(Exercise instructions):
Below are the entries. Transcribe exactly the lines from the one with "atrapadas en la" through the one with "Wolf Cry by", ends included, and leave out all others.

(Information given):

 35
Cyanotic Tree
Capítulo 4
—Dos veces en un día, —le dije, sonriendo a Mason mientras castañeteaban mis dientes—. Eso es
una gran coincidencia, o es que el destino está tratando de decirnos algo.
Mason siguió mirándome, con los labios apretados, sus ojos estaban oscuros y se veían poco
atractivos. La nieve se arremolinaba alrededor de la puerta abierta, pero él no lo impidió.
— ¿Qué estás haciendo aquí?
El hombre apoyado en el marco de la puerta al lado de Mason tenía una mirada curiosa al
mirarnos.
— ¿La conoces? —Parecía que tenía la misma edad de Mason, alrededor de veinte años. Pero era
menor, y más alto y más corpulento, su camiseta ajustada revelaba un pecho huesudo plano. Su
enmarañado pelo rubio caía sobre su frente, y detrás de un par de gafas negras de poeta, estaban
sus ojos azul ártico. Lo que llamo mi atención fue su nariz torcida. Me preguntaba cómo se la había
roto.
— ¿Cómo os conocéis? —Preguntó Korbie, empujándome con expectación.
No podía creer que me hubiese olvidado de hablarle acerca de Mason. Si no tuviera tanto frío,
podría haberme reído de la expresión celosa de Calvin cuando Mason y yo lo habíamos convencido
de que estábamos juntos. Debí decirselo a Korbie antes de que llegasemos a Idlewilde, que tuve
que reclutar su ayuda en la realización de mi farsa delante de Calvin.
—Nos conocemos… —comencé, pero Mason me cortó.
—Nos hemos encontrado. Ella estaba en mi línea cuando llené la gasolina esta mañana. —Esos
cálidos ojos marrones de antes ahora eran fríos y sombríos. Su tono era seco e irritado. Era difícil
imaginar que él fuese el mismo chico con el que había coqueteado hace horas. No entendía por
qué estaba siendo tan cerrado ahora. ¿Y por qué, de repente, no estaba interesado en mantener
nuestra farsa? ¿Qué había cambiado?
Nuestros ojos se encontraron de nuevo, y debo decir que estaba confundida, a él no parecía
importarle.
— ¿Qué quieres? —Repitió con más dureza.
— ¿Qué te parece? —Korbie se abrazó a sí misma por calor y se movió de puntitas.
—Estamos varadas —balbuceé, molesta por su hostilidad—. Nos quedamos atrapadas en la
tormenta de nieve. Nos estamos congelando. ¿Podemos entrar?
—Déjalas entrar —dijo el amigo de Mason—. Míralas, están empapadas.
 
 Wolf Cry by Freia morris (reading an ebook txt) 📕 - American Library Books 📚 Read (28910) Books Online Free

--

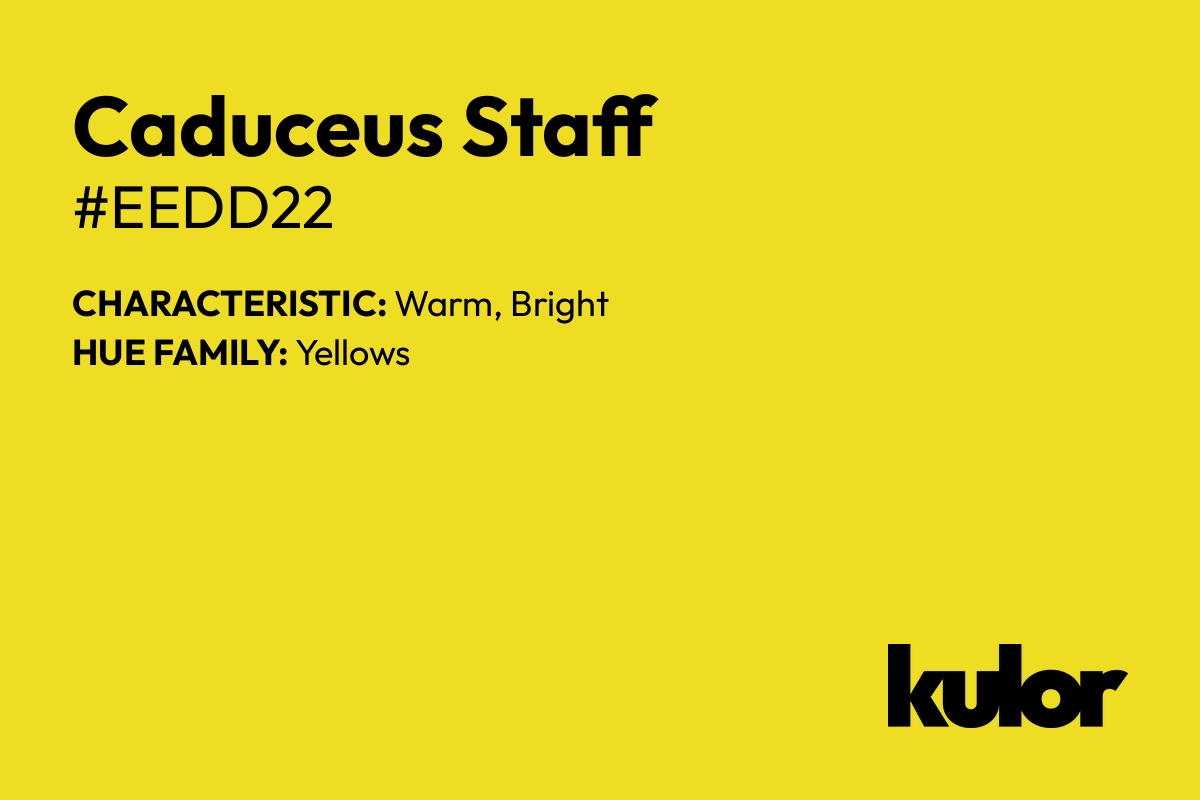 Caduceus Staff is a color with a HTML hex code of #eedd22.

(Task solution):
—Estamos varadas —balbuceé, molesta por su hostilidad—. Nos quedamos atrapadas en la
tormenta de nieve. Nos estamos congelando. ¿Podemos entrar?
—Déjalas entrar —dijo el amigo de Mason—. Míralas, están empapadas.
 
 Wolf Cry by Freia morris (reading an ebook txt) 📕 - American Library Books 📚 Read (28910) Books Online Free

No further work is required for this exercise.